- _Data block_:

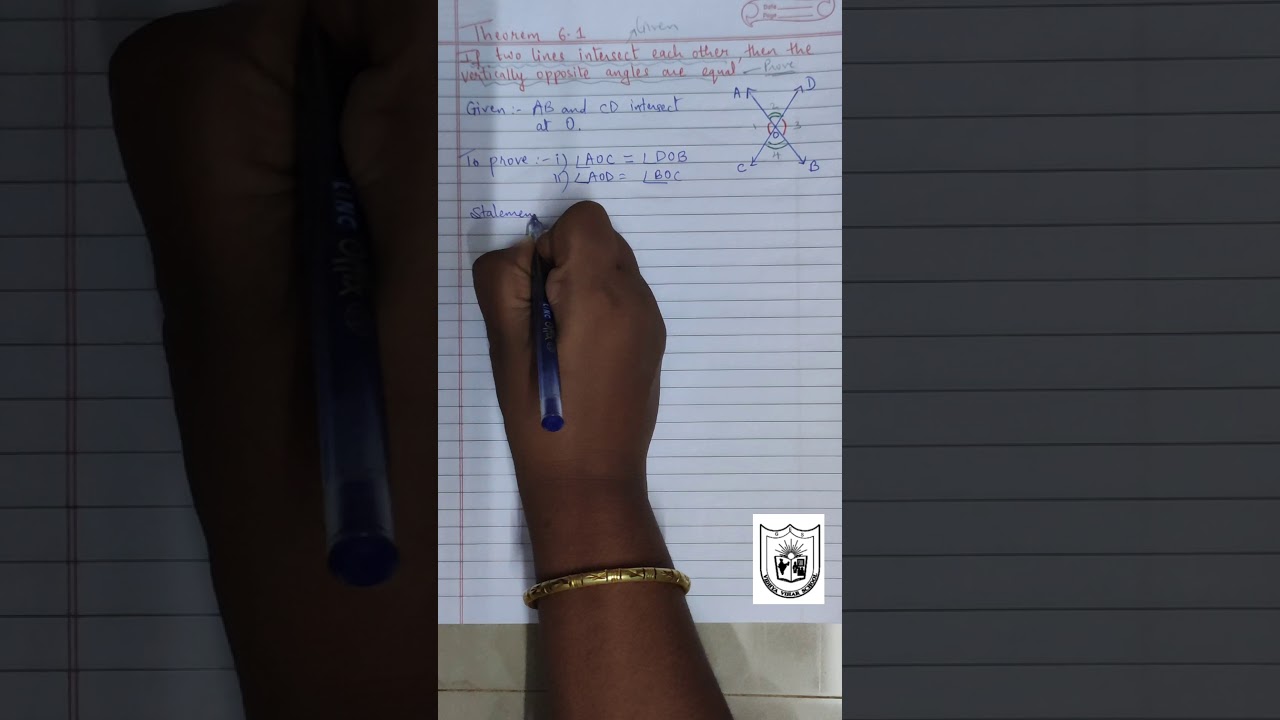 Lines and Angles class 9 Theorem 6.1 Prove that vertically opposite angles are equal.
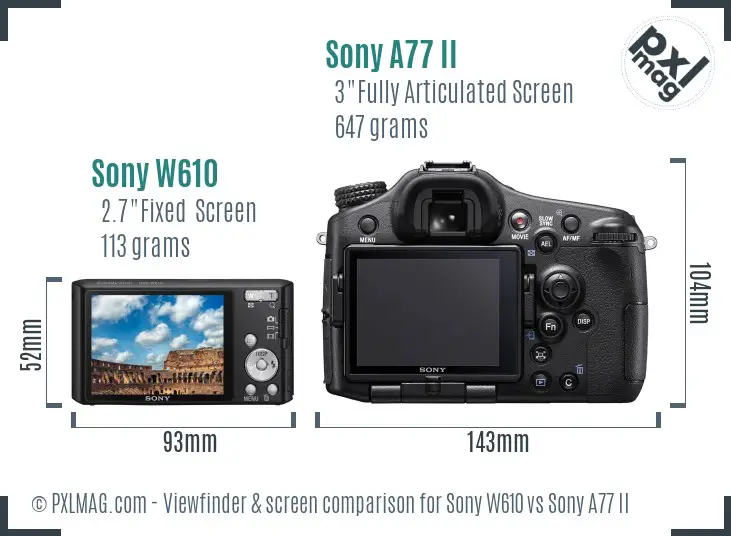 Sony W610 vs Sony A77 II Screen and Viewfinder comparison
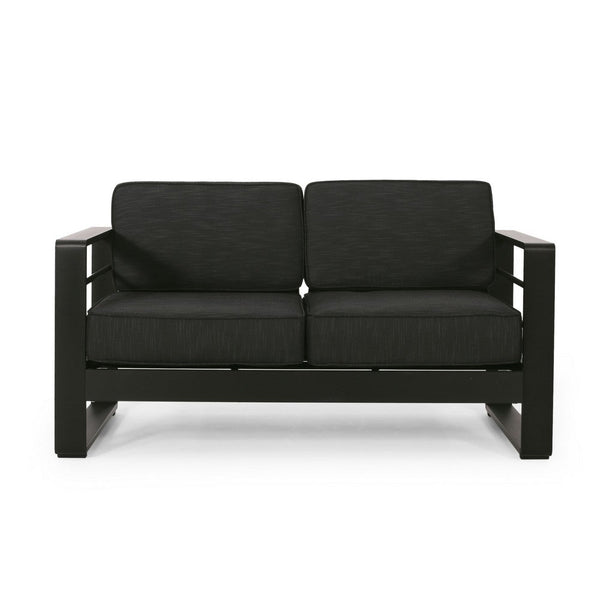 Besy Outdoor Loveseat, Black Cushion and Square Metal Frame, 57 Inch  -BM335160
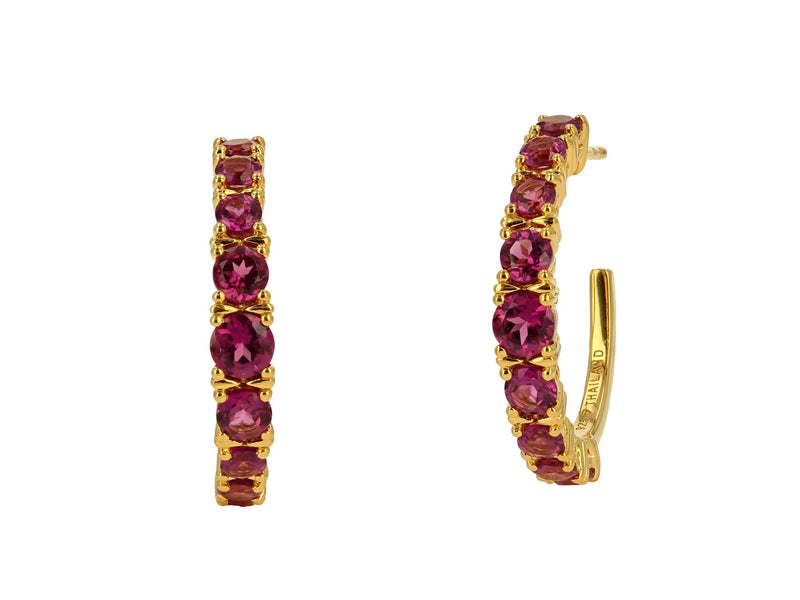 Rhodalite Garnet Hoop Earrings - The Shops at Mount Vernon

- _What to do_: Beginning with the line that contains "Sony W610 vs" and ending with the final line of the material, reproduce those lines exactly and nothing else. Omit the pictures.

- _Output of the exercise_:
 Sony W610 vs Sony A77 II Screen and Viewfinder comparison
 Besy Outdoor Loveseat, Black Cushion and Square Metal Frame, 57 Inch  -BM335160
 Rhodalite Garnet Hoop Earrings - The Shops at Mount Vernon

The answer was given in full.